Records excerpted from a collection

☆ ☆ ☆ ☆ ☆

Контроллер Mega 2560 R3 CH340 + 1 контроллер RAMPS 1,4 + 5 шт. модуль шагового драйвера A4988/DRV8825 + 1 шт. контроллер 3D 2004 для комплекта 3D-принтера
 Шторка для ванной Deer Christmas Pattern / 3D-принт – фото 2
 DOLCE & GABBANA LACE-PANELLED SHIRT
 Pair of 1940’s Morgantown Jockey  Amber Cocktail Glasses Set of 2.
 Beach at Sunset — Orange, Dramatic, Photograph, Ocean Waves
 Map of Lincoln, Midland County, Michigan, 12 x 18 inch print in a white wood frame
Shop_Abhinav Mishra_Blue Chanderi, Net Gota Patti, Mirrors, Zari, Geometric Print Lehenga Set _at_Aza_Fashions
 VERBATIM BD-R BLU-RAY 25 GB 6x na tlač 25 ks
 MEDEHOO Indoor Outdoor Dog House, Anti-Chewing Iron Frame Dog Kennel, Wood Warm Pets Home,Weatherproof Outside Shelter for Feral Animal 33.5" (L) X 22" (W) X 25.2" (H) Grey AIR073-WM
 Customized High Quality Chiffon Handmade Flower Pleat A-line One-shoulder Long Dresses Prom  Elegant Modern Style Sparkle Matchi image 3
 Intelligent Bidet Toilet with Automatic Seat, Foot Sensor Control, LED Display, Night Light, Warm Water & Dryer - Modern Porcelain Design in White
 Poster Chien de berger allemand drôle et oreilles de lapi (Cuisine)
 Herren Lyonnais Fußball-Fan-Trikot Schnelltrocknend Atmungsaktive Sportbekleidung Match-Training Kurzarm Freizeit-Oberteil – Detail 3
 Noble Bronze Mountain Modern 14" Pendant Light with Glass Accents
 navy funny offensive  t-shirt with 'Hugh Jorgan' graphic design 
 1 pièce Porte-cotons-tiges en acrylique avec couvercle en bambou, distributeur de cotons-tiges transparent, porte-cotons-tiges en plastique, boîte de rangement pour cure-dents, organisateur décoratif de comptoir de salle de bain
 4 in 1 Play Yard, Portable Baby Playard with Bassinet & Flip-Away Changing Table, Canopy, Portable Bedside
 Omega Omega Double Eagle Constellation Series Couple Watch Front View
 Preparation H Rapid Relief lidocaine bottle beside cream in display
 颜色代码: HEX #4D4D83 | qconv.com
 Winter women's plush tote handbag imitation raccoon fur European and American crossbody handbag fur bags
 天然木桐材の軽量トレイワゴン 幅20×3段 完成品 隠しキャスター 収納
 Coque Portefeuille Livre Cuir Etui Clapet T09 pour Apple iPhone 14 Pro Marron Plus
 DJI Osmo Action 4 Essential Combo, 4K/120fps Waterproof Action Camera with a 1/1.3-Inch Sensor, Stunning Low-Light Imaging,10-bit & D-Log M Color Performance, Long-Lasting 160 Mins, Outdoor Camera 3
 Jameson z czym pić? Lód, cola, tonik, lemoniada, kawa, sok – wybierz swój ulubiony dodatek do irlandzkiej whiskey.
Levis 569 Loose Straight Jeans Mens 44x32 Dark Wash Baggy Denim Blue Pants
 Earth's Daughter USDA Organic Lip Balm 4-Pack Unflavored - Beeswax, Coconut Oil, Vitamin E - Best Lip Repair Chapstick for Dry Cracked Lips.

☆ ☆ ☆ ☆ ☆

Requirement> All entries are to be retyped with no difference from the original.

Task response>
Контроллер Mega 2560 R3 CH340 + 1 контроллер RAMPS 1,4 + 5 шт. модуль шагового драйвера A4988/DRV8825 + 1 шт. контроллер 3D 2004 для комплекта 3D-принтера
 Шторка для ванной Deer Christmas Pattern / 3D-принт – фото 2
 DOLCE & GABBANA LACE-PANELLED SHIRT
 Pair of 1940’s Morgantown Jockey  Amber Cocktail Glasses Set of 2.
 Beach at Sunset — Orange, Dramatic, Photograph, Ocean Waves
 Map of Lincoln, Midland County, Michigan, 12 x 18 inch print in a white wood frame
Shop_Abhinav Mishra_Blue Chanderi, Net Gota Patti, Mirrors, Zari, Geometric Print Lehenga Set _at_Aza_Fashions
 VERBATIM BD-R BLU-RAY 25 GB 6x na tlač 25 ks
 MEDEHOO Indoor Outdoor Dog House, Anti-Chewing Iron Frame Dog Kennel, Wood Warm Pets Home,Weatherproof Outside Shelter for Feral Animal 33.5" (L) X 22" (W) X 25.2" (H) Grey AIR073-WM
 Customized High Quality Chiffon Handmade Flower Pleat A-line One-shoulder Long Dresses Prom  Elegant Modern Style Sparkle Matchi image 3
 Intelligent Bidet Toilet with Automatic Seat, Foot Sensor Control, LED Display, Night Light, Warm Water & Dryer - Modern Porcelain Design in White
 Poster Chien de berger allemand drôle et oreilles de lapi (Cuisine)
 Herren Lyonnais Fußball-Fan-Trikot Schnelltrocknend Atmungsaktive Sportbekleidung Match-Training Kurzarm Freizeit-Oberteil – Detail 3
 Noble Bronze Mountain Modern 14" Pendant Light with Glass Accents
 navy funny offensive  t-shirt with 'Hugh Jorgan' graphic design 
 1 pièce Porte-cotons-tiges en acrylique avec couvercle en bambou, distributeur de cotons-tiges transparent, porte-cotons-tiges en plastique, boîte de rangement pour cure-dents, organisateur décoratif de comptoir de salle de bain
 4 in 1 Play Yard, Portable Baby Playard with Bassinet & Flip-Away Changing Table, Canopy, Portable Bedside
 Omega Omega Double Eagle Constellation Series Couple Watch Front View
 Preparation H Rapid Relief lidocaine bottle beside cream in display
 颜色代码: HEX #4D4D83 | qconv.com
 Winter women's plush tote handbag imitation raccoon fur European and American crossbody handbag fur bags
 天然木桐材の軽量トレイワゴン 幅20×3段 完成品 隠しキャスター 収納
 Coque Portefeuille Livre Cuir Etui Clapet T09 pour Apple iPhone 14 Pro Marron Plus
 DJI Osmo Action 4 Essential Combo, 4K/120fps Waterproof Action Camera with a 1/1.3-Inch Sensor, Stunning Low-Light Imaging,10-bit & D-Log M Color Performance, Long-Lasting 160 Mins, Outdoor Camera 3
 Jameson z czym pić? Lód, cola, tonik, lemoniada, kawa, sok – wybierz swój ulubiony dodatek do irlandzkiej whiskey.
Levis 569 Loose Straight Jeans Mens 44x32 Dark Wash Baggy Denim Blue Pants
 Earth's Daughter USDA Organic Lip Balm 4-Pack Unflavored - Beeswax, Coconut Oil, Vitamin E - Best Lip Repair Chapstick for Dry Cracked Lips.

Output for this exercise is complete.